A panel of the 7th Circuit Court of Appeals overturned a ruling last year from a federal judge in Rockford, who had declared the law unconstitutional. That ruling had applied only to four gun owners who had sued over the law, and so the ban had remained in effect for everyone else.
"The Second Amendment protects an individual's right to self-defense. It does not bar the people's representatives from enacting laws — consistent with our nation's historical tradition of regulation — that ensure public transportation systems remain free from accessible firearms," 7th Circuit Judge Joshua Kolar wrote in overturning the earlier ruling. "We are asked whether the state may temporarily disarm its citizens as they travel in crowded and confined metal tubes unlike anything the Founders envisioned. We draw from the lessons of our nation's historical regulatory traditions and find no Second Amendment violation in such a regulation."
Four people filed a federal lawsuit in 2022 because they couldn't take a concealed firearm on the CTA or Metra.
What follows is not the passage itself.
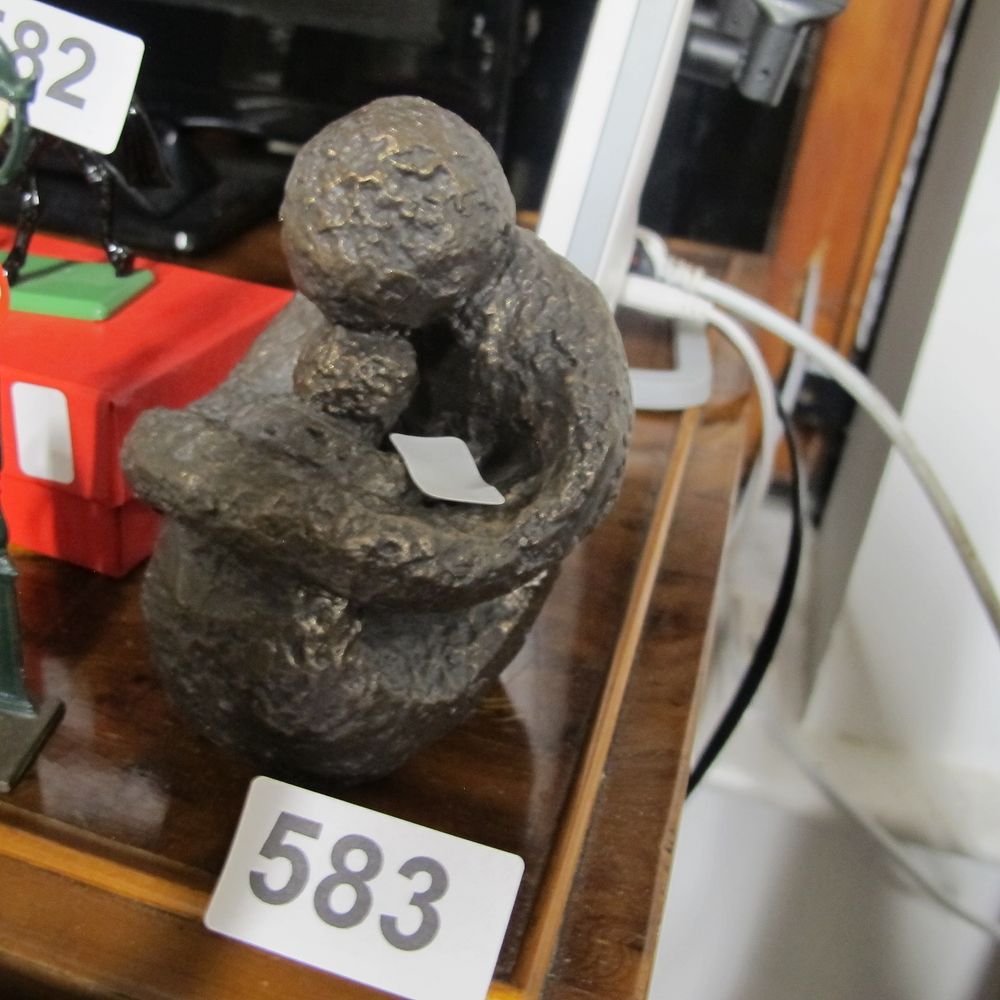 Lot 583: After Auguste Rodin, 'The Kiss', Bronze-Finished Composite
They claimed it violated their right to self-defense, and as a result they didn't use public transportation as much as they would have liked.
But the appeals court determined the law banning concealed carry on public transit in Illinois is similar to other bans on carrying firearms in "sensitive and crowded, confined places," such as courthouses, state capitol buildings, airplanes, and schools.
"The Supreme Court has repeatedly recognized that 'laws forbidding the carrying of firearms in sensitive places such as schools and government buildings' are consistent with the Second Amendment," the court ruled.
It was not immediately clear if the plaintiffs in this case planned to appeal the latest ruling to the full 7th Circuit Court of Appeals or the U.S. Supreme Court.